The special prize “Football and Integration”, staged in conjunction with the German Football Federation Association (Deutscher Fußball-Bund, DFB), was awarded this year for the third time in a row. As well as the Young CIVIS Media Prize, the winners of the special prize were also known in advance: In the television category the award went to the documentary film “Heimat Fußball – Refugee 11” by author and director Jean Boué. It shows a football team in the lowest (last) German amateur league, Country league C – in which 27 refugees from 16 nations play. The film accompanies them in their first months in strange world – and shows their wishes, fears and dreams. The jury found this film “enlightening in the best sense”, since it gives the viewer an “insight into a little-known reality”.
“Refugee 11” is also the name of a web video series that received the special prize in the online category. The project by the German Agency for Civic Education (Bundeszentrale für politische Bildung bpb) brings together young refugee amateur footballers and professional players who were once also refugees. The exchanges about these experiences illustrate the issues of flight and asylum, and at the same time aim to dispel prejudices and counter the exclusion of refugees. According to the jury, “an outstanding video series with very personal stories – interactive, clearly structured, visually very convincing”. Footballer Cacau, who presented both CIVIS Special prizes as DFB Integration Commissioner, said: “Football can unite people; particularly at amateur level, football achieves a lot.”
The YouTube videoblog by Swiss Radio and Television “Tama Gotcha!” with Tama Vakeesan, who has Tamil roots, addresses life between cultures.

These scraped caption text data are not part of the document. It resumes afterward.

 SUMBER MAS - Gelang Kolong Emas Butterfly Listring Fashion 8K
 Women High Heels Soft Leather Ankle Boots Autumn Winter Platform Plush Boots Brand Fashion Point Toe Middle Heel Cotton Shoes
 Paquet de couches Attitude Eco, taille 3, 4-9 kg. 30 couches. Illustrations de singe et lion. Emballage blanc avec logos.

The jury was impressed: “In her multimedia presence, Tama Vakeesan reports very authentically and enthusiastically of the cultural encounter between her Swiss and her Tamil cultures.” The discourse is clear and does not shy away from any topic – “very present, pleasant, highly professional”.
For the online format “Jäger & Sammler” (“Hunters & Gatherers”) by the Zweites Deutsches Fernsehen (ZDF) and funk, the journalist, poetry slammer and YouTuber Nemi El-Hassan visited the neo-Nazi festival “Rock gegen Überfremdung” in the small Thuringian town of Themar. As a Muslima with headscarf she mixed with the crowd and asked around in the right-wing scene – “witty, confrontative, without fear,” as the jury found. In this manner she identified the rhetorical patterns of the neo-Nazis. “An outstanding journalistic achievement – wonderfully implemented visually”. El-Hassan told of her encounters, and that some people simply cannot be reached. “But we as a society need to keep looking.”